As PoE becomes more prevalent and a more convenient solution to provide power over a standard Ethernet cable, it is the most practical solution to provide both power and data up to 100 meters. The PD-USB-DP60 adapter converts both power and data while offering up to 60W USB output power via an Ethernet cable supported by PoE infrastructure.
It can accept up to 90W of PoE and convert it to 60W output over USB-C that will power most cameras, laptops, tablets and other devices using USB-C for input power. The adapter simplifies installation by reducing dependency on AC infrastructure, explains Microchip, to smash the range limitation of three meters for power delivered over 100 meters.
The PD-USB-DP60 also enhances the remote power management capabilities of the USB-C power device. The remote power reset capability, provided by the PoE source, allows power cycling via web interface or Simple Network Management Protocol (SNMP) to reset the device, rather than having to manually unplug and restart at the location of the equipment.
The PoE to USB-C adapter can connect to a variety of PoE sources; it supports newer IEEE 802.3af/at/bt as well as legacy PoE standards.

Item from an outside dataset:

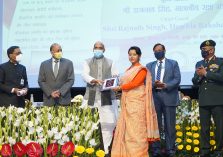 Shri Rajnath Singh, Hon'ble Defence Minister distributing awards to officers and employees of Defence Estates Organisation for outstanding work in Defence Land Survey;?>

Able to convert 90W input to 60W output enables devices requiring higher power charging to make use of PoE that could not have done so before, continued Microchip. The adapter can be paired with the company’s cost-effective, single-port and multi-port (up to 24) PoE injectors/midspans and switches that comply with IEEE 802.3af/at/bt industry standards and provide up to 90W power per port. If a lower power is needed to power the USB-C device, IEEE802.3af (15.4W) or IEEE802.3at (30W) PoE sources can be used.
Microchip also offers ICs that enable the PoE to USB-C adapter, including the PD70xxx family of PoE ICs and the LAN7800 USB-to-Ethernet bridge.
Functionality is enabled by Microchip’s Power Delivery Software Framework (PSF), an open source Power Delivery (PD) stack that runs on the UPD301C PD controller and provides full PD 3.0 capability and customization for Microchip’s PD controllers, microcontrollers and USB hubs.